Mutter und Baby wurde somit die Auslieferung an die Sowjets erspart und sie konnten später nach Chile emigrieren, wo aus Baby Michail der General und Geheimdienstchef Brigadier Miguel Krasnoff Marchenko wurde, Leiter auch des Folterzentrums des chilenischen Geheimdienstes DINA, das sich in der berüchtigten "Villa Grimaldi" befand.

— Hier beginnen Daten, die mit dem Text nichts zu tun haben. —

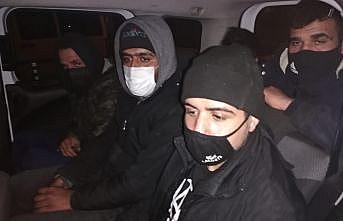 Kırklareli'nde göçmen kaçakçılığı iddiasıyla gözaltına alınan 4 şüpheliden 3'ü tutuklandı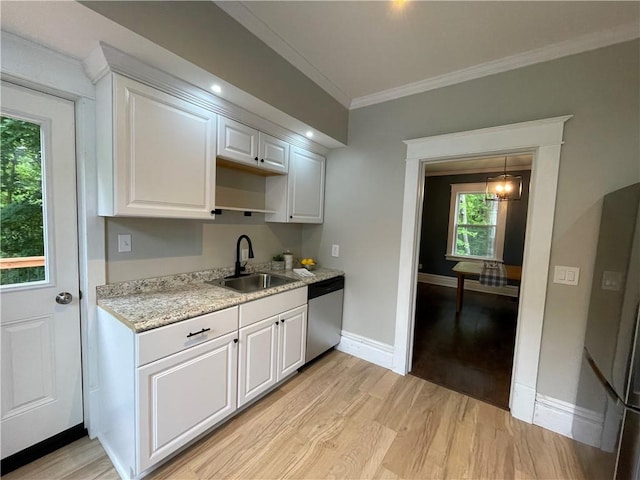 23 Columbia Park, Hempfield Twp Mer, PA 16125 - kitchen with a sink, stainless steel appliances, light wood-style floors, crown molding, and white cabinetry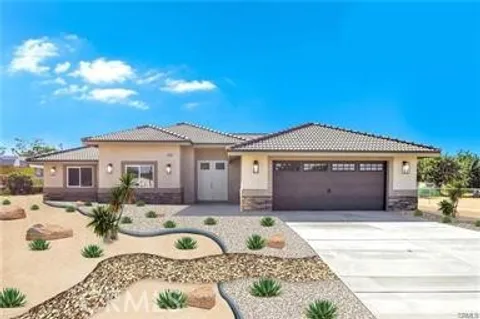 12655 Waynoka Road, Apple Valley, CA 92308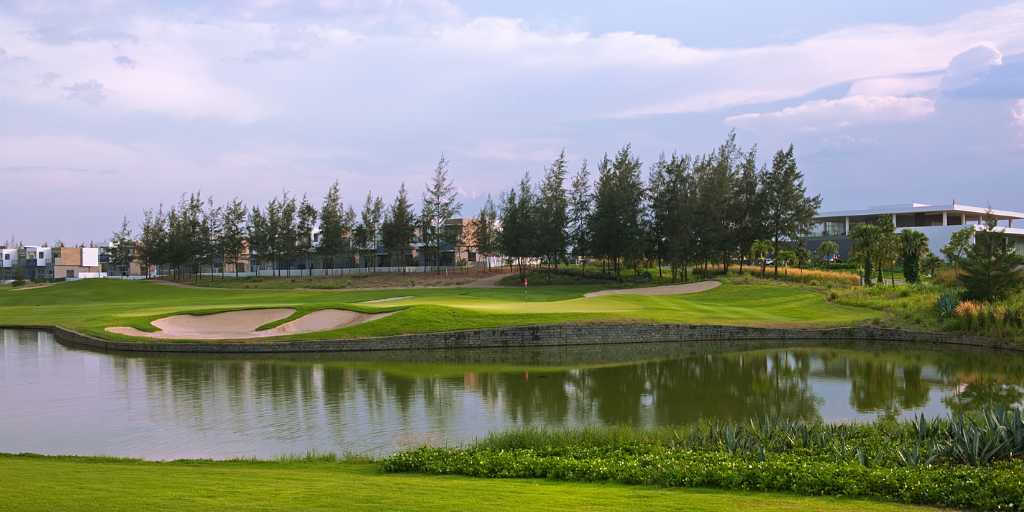 Montgomerie Links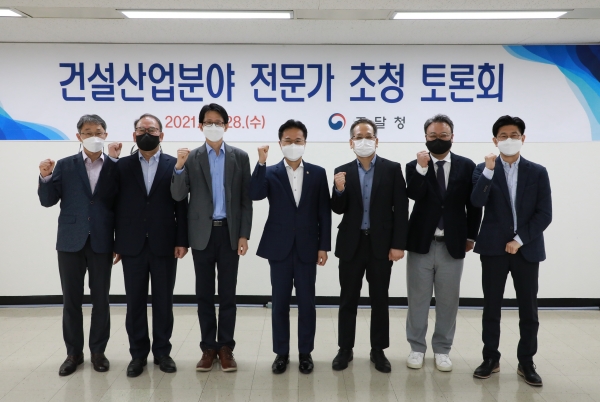 김정우 조달청장(사진 왼쪽 네번째)이 28일 공공공사 발주제도 발전방향 등을 모색하기 위해 열린 건설산업분야 전문가 초청 토론회를 마친 뒤 참석자들과 기념촬영을 하고 있다.(사진=조달청)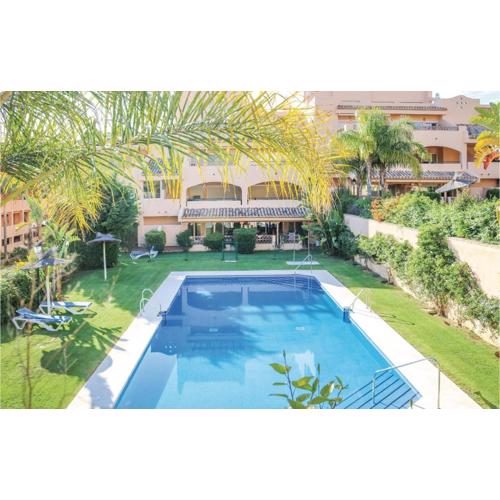 Cozy Apartment In Marbella With Wifi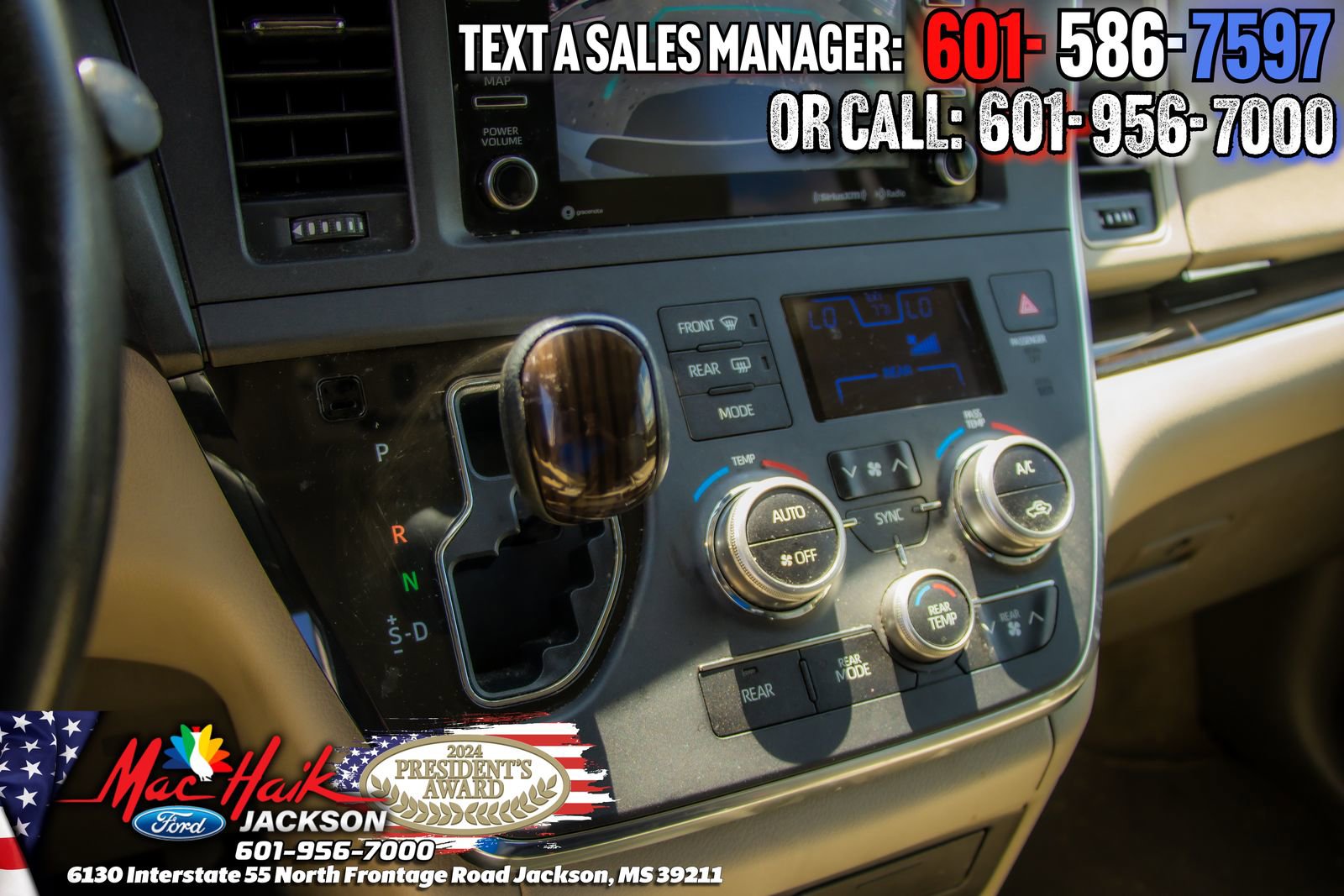 Used 2019 Toyota Sienna XLE w/ XLE Navigation Package FWD image 16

Krasnoff Marchenko, der fließend Russisch spricht, wurde 2006 endlich für ein paar Morde, die man ihm sicher nachweisen konnte - insgesamt soll er unmittelbar für eine hoch vierstellige Anzahl von Getöteten und "Verschwundenen" verantwortlich sein - zu 15 Jahren Haft verurteilt. Seitdem hat er in der internationalen Rechten, insbesondere in Russland als Märtyrer Kultstatus. Er sitze in Haft, weil er Chile gedient habe.
2005 wurde den Kosaken durch einen Präsidentenukas Polizeiaufgaben zugewiesen, bzw. wieder zugewiesen, wenn der jetzt "akademische" Kuban-Kosaken-Chor auftritt, sitzen gerne auch Popen und Uniformierte im Publikum. Kinder, die "Katjuscha", das Lied von der Stalinorgel schmettern, sind schwer angesagt.
Ansonsten treibt sich das "Große Don-Heer", dem einst Pjotr Krasnow vorstand auf der Krim und in
Bosnien herum, und auch in der Ostukraine dürfen sie nicht fehlen.
Ja, der 11. September war schon oft ein Tag, der "alles änderte" - nicht nur in New York.